Fair or not, the relationship between sports teams and their fans often lies outside the control of the team's marketing department and directly with the win-loss record. Following three straight playoff seasons, the NBA's
Memphis Grizzlies had a tough 2006-2007 campaign. The team ultimately won only 22 games, down from 49 the year before. It caused a real dilemma.
"As much as you like to think wins and losses don't matter that much in the grand scheme of things, they do," says Dennis O'Connor, the Grizzlies' vice president of ticket sales and strategy. "People are spending a lot of money to come to the games and be entertained. If we're not entertaining them, they're going to stay at home."
Complicating O'Connor's job even further is the small size of the Memphis market. This gives the team less room for error, in O'Connor's opinion. "We tick off one fan, he's going to tell 20 more. And unlike in some larger markets, there aren't 20 people lined up to buy that guy's tickets."
Fan phone-in So at the end of last season, O'Connor and the Grizzlies made a conscious decision to bulk up the volume and quality of contact the team has with its fan base. Central to the effort was a collaboration with voice-messaging-services supplier Vontoo, which helped the team coordinate a program targeting casual fans.

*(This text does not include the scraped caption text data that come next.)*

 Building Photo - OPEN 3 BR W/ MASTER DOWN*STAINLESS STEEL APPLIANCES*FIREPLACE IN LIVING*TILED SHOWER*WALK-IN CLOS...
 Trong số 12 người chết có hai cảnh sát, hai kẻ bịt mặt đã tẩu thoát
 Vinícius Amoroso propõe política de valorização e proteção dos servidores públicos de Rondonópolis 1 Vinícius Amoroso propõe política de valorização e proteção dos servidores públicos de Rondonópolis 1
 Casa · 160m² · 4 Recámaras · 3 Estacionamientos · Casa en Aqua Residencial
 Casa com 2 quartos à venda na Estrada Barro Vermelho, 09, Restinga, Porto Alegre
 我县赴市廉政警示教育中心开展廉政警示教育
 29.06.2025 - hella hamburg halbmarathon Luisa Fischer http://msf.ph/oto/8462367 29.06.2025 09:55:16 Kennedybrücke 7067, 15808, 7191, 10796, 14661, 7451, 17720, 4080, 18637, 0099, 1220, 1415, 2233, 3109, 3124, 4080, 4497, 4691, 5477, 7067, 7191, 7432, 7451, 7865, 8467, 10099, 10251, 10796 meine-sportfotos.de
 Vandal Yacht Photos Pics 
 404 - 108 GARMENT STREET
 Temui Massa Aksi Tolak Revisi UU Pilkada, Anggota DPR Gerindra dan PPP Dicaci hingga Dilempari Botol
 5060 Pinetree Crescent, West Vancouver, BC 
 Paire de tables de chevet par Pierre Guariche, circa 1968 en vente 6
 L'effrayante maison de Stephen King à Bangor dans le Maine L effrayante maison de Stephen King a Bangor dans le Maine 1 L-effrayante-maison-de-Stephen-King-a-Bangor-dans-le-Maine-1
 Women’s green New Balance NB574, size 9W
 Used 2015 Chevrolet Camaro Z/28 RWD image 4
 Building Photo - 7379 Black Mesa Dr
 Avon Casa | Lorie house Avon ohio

The Grizzlies dipped into its database of the 6,000 customers who purchased single game tickets within the previous 12 months. Then O'Connor and his team crafted a phone message inviting fans to "Rudy Gay night," which was recorded by forward Gay himself and sent to each fan.
O'Connor admits that he had some reservations about the one-to-one-ish phone campaign, especially given that it followed a local election campaign that besieged voters with similar recordings. The results surprised him: about 1,500 tickets sold and zero complaints, netting approximately $33,000 in revenue. "Although people know it's a recorded message, it's still neat -- 'Hey, I got a call from Rudy Gay,'" O'Connor says.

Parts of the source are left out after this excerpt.